Landesregierung bringt klare Forderungen für den EU-Haushalt ab 2028 auf den Weg
Die schleswig-holsteinische Landesregierung hat einen umfassenden Forderungskatalog zum Mehrjährigen Finanzrahmen (MFR) der Europäischen Union ab 2028 am Dienstag im Kabinett verabschiedet. Er steht unter dem Motto „Europa nach innen und außen stärken – Gemeinsam für einen zukunftsweisenden EU-Haushalt“.

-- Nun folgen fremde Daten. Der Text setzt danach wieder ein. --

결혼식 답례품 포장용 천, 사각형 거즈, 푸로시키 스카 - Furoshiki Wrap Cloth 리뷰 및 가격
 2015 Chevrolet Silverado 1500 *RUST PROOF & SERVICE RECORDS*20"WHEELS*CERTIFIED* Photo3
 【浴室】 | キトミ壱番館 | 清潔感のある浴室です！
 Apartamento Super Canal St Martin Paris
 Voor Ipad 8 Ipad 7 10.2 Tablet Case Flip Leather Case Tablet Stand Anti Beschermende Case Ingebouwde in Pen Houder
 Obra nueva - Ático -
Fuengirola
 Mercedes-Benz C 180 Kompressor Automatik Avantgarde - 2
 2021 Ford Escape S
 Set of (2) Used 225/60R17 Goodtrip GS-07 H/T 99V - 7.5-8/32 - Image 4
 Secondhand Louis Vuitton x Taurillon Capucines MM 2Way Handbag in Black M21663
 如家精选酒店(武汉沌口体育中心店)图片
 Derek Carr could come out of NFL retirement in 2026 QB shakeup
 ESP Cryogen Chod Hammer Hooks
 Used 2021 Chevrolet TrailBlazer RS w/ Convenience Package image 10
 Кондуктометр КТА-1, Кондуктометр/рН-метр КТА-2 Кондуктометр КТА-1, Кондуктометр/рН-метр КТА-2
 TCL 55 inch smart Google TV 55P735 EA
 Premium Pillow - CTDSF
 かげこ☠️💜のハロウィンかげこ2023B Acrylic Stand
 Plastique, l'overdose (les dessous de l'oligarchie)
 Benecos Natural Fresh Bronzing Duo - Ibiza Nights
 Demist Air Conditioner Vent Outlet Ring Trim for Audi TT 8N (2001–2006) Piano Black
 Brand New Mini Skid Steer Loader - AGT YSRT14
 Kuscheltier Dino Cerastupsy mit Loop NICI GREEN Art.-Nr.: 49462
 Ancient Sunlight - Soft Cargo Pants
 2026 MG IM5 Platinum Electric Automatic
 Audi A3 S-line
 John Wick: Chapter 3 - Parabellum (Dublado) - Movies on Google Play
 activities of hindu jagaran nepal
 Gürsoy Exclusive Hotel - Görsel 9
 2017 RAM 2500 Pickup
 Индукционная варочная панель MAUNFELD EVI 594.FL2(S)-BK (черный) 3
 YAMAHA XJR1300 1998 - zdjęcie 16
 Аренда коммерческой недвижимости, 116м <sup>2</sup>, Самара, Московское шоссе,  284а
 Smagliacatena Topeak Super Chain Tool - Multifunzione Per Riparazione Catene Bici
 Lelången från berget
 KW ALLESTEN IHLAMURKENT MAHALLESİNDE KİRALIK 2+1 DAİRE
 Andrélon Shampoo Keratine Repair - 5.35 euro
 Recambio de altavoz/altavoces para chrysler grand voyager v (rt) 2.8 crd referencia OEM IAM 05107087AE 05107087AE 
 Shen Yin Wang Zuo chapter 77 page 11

Ministerpräsident Daniel Günther sagte dazu: „Zum Start der neuen Bundesregierung setzt das Land klare politische Prioritäten für eine handlungsfähige und bürgernahe Europäische Union. Mit seinen historischen, kulturellen und wirtschaftlichen Verflechtungen im Nord- und Ostseeraum steht Schleswig-Holstein exemplarisch für die Vorteile eines geeinten Europas. Die europäische Friedens-, Wirtschafts- und Wertegemeinschaft steht jedoch aktuell in mehrfacher Hinsicht unter Druck. Vor diesem Hintergrund setzt sich unsere Landesregierung für einen EU-Haushalt ein, der den inneren Zusammenhalt stärkt, die strategische Souveränität ermöglicht und flexibel auf neue Herausforderungen reagieren kann.“
Europaminister Werner Schwarz ergänzte: „Europa entfaltet seine volle Wirkung nur mit starker regionaler Beteiligung. Das gilt insbesondere für den ländlichen Raum, der durch eine verlässliche Unterstützung der Gemeinsamen Agrarpolitik (GAP) und regionaler Förderprogramme gestärkt werden muss. Mit unserem Forderungskatalog senden wir als nördlichstes Bundesland mit einer deutlichen europäischen Ausrichtung ein klares Signal nach Brüssel, dass wir eine EU brauchen, die sowohl die Regionen stärkt als auch auf die Herausforderungen der Zukunft vorbereitet ist.“
Aus Sicht der Landesregierung sollte der künftige MFR vor allem drei zentrale Ziele verfolgen: den inneren Zusammenhalt der Union stärken, ihre strategische Souveränität fördern und die Flexibilität des EU-Haushalts deutlich erhöhen.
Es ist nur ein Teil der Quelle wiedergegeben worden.